DATA PROVIDED
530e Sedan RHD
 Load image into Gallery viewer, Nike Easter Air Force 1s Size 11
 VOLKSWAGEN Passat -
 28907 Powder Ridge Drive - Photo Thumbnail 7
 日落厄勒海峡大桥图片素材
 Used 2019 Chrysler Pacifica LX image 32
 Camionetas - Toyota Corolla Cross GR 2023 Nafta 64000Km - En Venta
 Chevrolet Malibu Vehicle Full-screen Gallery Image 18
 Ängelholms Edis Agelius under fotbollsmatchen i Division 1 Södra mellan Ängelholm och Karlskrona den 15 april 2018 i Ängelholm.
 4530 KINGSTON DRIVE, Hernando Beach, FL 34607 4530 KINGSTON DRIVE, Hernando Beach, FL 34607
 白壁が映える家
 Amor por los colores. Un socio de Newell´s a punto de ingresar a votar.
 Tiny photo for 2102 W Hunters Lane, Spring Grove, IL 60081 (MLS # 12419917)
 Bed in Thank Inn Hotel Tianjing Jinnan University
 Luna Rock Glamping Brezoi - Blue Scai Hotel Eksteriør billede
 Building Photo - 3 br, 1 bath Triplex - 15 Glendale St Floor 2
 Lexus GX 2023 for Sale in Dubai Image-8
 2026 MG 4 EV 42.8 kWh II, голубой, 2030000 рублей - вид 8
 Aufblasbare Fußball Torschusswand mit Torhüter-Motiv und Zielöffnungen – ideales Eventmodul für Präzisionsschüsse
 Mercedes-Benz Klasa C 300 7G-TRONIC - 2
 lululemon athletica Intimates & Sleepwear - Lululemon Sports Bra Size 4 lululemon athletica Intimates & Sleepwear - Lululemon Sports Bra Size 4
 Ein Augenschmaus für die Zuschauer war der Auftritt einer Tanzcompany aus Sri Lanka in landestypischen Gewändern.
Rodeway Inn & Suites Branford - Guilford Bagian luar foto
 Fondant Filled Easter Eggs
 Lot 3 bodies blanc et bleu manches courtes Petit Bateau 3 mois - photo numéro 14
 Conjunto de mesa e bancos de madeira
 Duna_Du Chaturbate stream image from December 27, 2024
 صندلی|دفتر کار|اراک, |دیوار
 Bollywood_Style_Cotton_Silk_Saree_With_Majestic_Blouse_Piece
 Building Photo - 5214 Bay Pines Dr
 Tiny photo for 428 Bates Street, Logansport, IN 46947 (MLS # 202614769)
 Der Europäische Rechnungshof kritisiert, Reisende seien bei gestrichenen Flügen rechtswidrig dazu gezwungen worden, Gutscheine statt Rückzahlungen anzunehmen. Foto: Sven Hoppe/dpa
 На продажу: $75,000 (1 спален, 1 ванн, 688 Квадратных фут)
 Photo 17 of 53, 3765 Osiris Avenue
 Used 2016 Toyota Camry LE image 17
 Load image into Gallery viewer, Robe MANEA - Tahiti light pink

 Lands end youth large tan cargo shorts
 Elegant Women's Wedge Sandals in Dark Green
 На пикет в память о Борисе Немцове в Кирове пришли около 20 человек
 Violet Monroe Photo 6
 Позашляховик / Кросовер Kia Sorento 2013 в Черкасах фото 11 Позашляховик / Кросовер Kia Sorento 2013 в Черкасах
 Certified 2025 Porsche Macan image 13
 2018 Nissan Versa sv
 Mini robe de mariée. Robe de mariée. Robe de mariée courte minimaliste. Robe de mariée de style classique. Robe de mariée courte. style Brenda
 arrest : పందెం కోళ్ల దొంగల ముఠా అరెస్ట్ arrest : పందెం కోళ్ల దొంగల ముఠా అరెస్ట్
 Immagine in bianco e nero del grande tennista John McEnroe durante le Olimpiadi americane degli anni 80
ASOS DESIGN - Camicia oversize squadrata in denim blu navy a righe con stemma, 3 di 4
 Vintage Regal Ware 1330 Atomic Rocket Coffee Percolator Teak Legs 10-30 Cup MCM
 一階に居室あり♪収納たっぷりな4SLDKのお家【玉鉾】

WHAT YOU WILL DO
Please extract exactly, and only, the lines from the line containing "Immagine in bianco" through the last line of the records.

SOLVED EXERCISE
 Immagine in bianco e nero del grande tennista John McEnroe durante le Olimpiadi americane degli anni 80
ASOS DESIGN - Camicia oversize squadrata in denim blu navy a righe con stemma, 3 di 4
 Vintage Regal Ware 1330 Atomic Rocket Coffee Percolator Teak Legs 10-30 Cup MCM
 一階に居室あり♪収納たっぷりな4SLDKのお家【玉鉾】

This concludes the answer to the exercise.